__What the task requires__. Give back exactly the lines starting at the one with "Un athlète déterminé" and ending at the last line of the data below. Pictures are not part of the copy.

··· Extracted entries ···

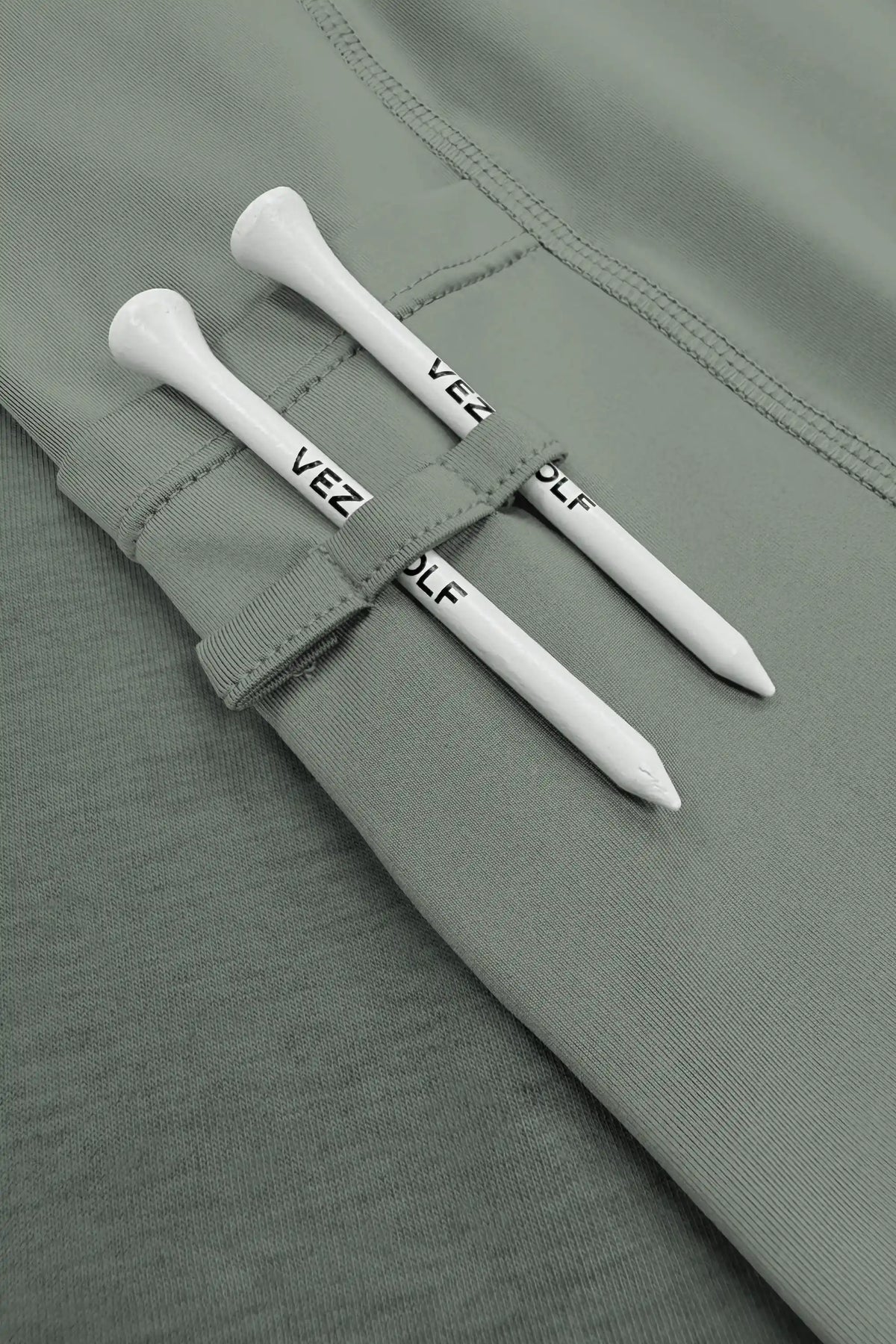 Close-up of the built-in shorts with fabric loops holding two white golf tees on the grey-green golf skort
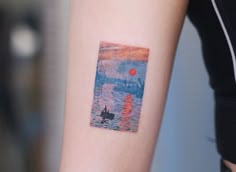 a woman's arm with a small painting on the left side of her arm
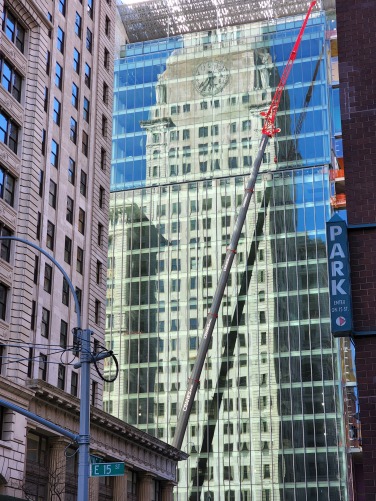 Close-up of building reflection on windows.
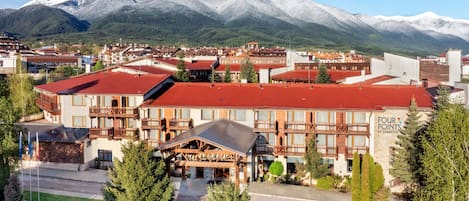 A hotel with a red roof, wooden balconies, and a sign reading "FOUR POINTS BY SHERATON".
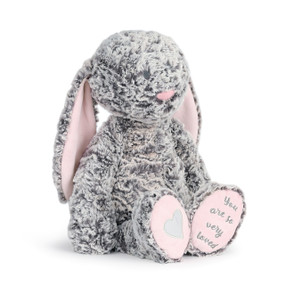 gray and light pink fluffy stuffed animal bunny reading You Are So Very Loved on bottom of foot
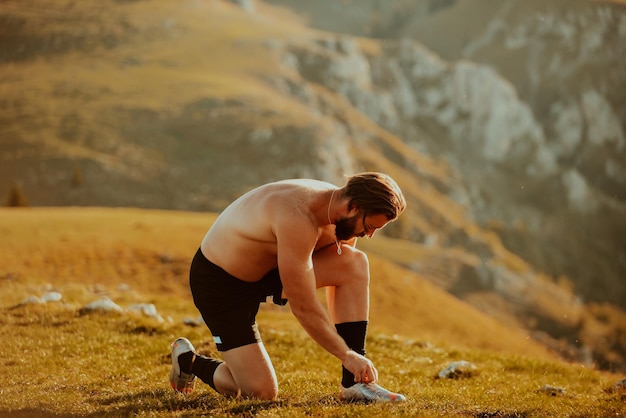 Un athlète déterminé se préparant au début de l'entraînement au sommet de la montagne au lever du soleil.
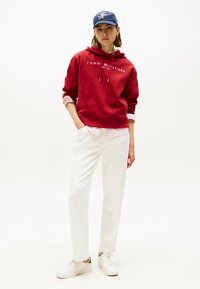 Rode hoodie met wit logo, laag over een roze en wit gestreept shirt. Witte broek en witte sneakers maken de outfit compleet. Casual ontwerp.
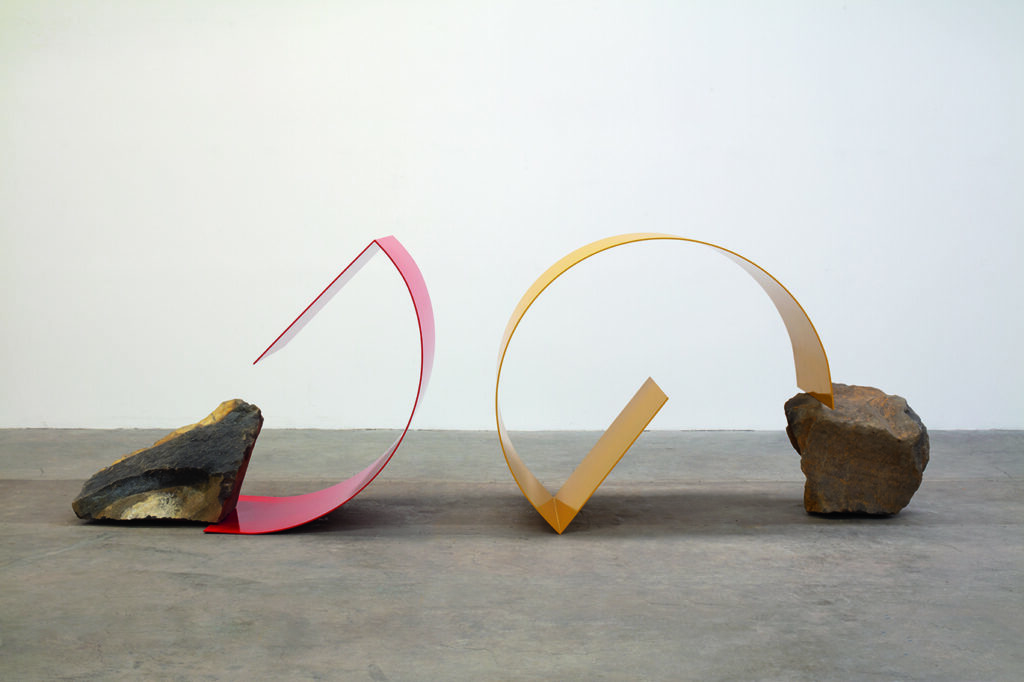 Abstract metal and rock sculptures on concrete floor.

···

__Answer to this problem__.
 Un athlète déterminé se préparant au début de l'entraînement au sommet de la montagne au lever du soleil.
 Rode hoodie met wit logo, laag over een roze en wit gestreept shirt. Witte broek en witte sneakers maken de outfit compleet. Casual ontwerp.
 Abstract metal and rock sculptures on concrete floor.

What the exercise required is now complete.